By guest author Shari McMinn
As home educators, we can often be isolated from those around us – on our block, in our surrounding neighborhood, and in our community, whether a small town or large city. Studying together as a family at home in the morning, running errands and participating in extracurricular opportunities in the afternoon, home chores on Saturday, and church on Sunday – we are busy all week long, yet often neglect relationships with those around us.
Perhaps one of the reasons that non-homeschoolers question our ability and motives is because we are not connected with them?
When our family lived in a large metro area and began our homeschooling journey more than 20 years ago, many adults questioned what we were doing and were concerned about our children being “socialized.” We chose to put our best foot forward and engage these doubters on a regular basis. Relatives, friends, neighbors, and church members were all placed on our “acts of kindness” list.
We began by visiting the seniors on our block, one each day on our after-school walk. We helped form a playgroup in our neighborhood to connect with other families with young children, meeting weekly for play and fellowship. Our family helped with our church food bank, distributing to those in need each month. At Christmas time, we baked treats and delivered them to the significant adults in our children’s lives.
During each of these times of connection, we prepared our children to share what they were doing in homeschool and how they helped with the gifts we distributed. Throughout the years, our children became very skilled at conversation, learned to appreciate relating to adults, and gained a joy for serving Jesus Christ by helping others.
Now that we live on our remote farm, we make an effort to connect with others when we go to town for our weekly errands. My children have been coached to greet cashiers at the store, thank those who help us carry things out to our vehicle, pay and greet the gas station attendant, and graciously answer when asked by adults, “Why aren’t you in school today?”

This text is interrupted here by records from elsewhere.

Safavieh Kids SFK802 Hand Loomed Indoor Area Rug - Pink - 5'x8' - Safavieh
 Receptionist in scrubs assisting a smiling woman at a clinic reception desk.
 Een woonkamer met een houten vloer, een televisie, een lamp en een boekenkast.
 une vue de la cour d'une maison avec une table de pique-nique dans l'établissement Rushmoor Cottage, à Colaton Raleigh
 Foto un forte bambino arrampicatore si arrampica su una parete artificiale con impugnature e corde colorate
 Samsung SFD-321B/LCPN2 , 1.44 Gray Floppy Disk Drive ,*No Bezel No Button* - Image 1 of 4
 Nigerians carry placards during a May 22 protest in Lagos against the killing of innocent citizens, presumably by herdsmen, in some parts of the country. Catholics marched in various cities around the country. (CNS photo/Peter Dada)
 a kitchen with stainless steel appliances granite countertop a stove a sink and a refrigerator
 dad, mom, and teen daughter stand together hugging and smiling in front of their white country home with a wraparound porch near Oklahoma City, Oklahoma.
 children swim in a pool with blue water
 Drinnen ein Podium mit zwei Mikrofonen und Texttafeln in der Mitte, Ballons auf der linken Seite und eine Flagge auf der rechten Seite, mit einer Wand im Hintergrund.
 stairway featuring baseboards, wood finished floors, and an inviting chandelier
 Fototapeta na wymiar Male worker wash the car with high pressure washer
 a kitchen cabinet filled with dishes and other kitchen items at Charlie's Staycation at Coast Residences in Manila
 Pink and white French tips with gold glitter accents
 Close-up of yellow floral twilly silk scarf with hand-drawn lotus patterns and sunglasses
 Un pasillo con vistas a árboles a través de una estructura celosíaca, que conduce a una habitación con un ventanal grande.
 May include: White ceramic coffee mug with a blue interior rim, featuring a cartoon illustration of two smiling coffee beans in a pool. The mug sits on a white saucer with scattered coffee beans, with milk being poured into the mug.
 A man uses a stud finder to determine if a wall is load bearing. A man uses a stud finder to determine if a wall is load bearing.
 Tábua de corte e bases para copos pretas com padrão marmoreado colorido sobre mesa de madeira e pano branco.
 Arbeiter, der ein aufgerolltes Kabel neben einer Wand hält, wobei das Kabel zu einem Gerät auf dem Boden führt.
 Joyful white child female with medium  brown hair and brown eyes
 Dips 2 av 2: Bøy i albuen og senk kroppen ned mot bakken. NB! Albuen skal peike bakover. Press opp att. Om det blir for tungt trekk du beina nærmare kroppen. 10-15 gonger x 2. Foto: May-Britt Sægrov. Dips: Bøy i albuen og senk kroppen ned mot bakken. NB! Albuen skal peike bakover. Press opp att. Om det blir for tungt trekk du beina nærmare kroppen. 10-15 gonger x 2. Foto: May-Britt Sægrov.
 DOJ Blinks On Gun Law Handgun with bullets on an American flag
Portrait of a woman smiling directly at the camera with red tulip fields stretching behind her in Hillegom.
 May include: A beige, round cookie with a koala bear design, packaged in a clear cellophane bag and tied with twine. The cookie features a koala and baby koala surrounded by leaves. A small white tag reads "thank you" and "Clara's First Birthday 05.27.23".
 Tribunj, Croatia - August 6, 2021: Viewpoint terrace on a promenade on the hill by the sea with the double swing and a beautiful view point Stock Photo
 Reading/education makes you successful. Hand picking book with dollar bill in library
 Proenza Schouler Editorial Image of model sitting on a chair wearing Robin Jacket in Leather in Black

By performing acts of kindness for others during our homeschool days, we enlighten non-homeschoolers as to who we really are, what we are doing for and with our children, and the blessed success we experience because of a child’s Christian home education. This not only blesses our family but also extends the positive message of homeschooling into the far reaches of our community.
There are many areas of need in each community. Find one that your family or support group can fill and plan to meet the need. I encourage you this year to start blessing others as a way to spread the “good news” message of Christian home education and as a great way to “socialize” your students!